Officials are hammering home the message that the country's future in the euro is at stake.
The package of austerity measures demanded by the European Union and the International Monetary Fund in return for a €130 billion bailout was approved by the Greek cabinet on Friday.
The coalition of Prime Minister Lucas Papademos has a huge majority, which should ensure parliament approves on Sunday a package including a further €3.3 billion euros in budget cuts this year, needed to secure Greece's second bailout since 2010, Reuters reports.
But the number of dissenters is growing. About 20 MPs belonging to the two major parties backing Mr Papademos shrugged off their leaders' threats and warned they might reject the bailout.
However, it would take more than 80 rebels to scupper the law in a vote scheduled for late on Sunday.
Six members of the Papademos cabinet have already resigned over the heavy pay, pension and job cuts which the European Union and International Monetary Fund are demanding as the price of the funds, which Greece needs by March to avoid a messy bankruptcy.
Deputy Finance Minister Filippos Sachinidis says the consequences of a disorderly debt default would be incalculable.

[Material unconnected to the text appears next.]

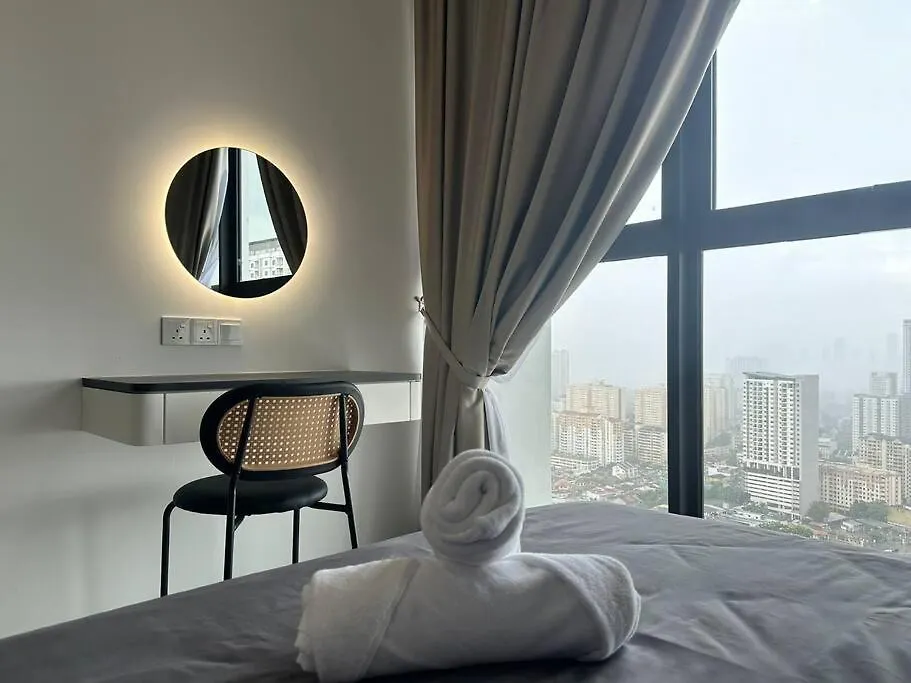 Urban Suites 6 Pax With Netflix And Board Games Jelutong Apartment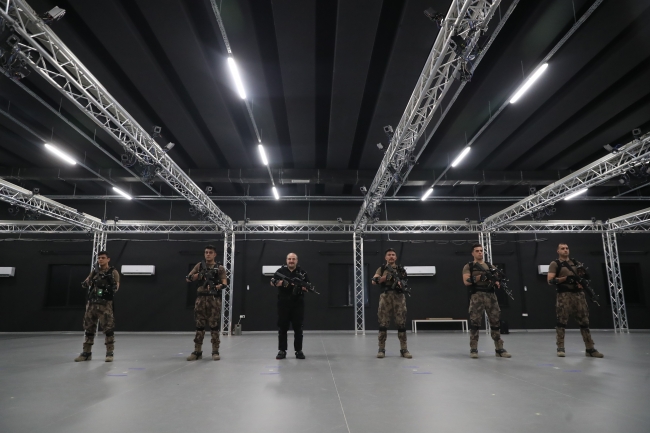 Bakan Varank hücre evi simülasyonlu sanal operasyona katıldı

As a 48-hour protest strike went into its second day, about 50 Communist party activists draped two huge banners on the ramparts of the Acropolis on Saturday, reading: "Down with the dictatorship of the monopolies (and the) European Union".
About 7000 demonstrators gathered in central Athens, police said, but there was no repeat of trouble on Friday when police fired teargas at protesters throwing petrol bombs and stones.
Those earning the minimum wage are furious that their salaries will now be cut from €751 a month to €600.
Civil servants worry they will be in the firing line as 15,000 jobs are cut this year.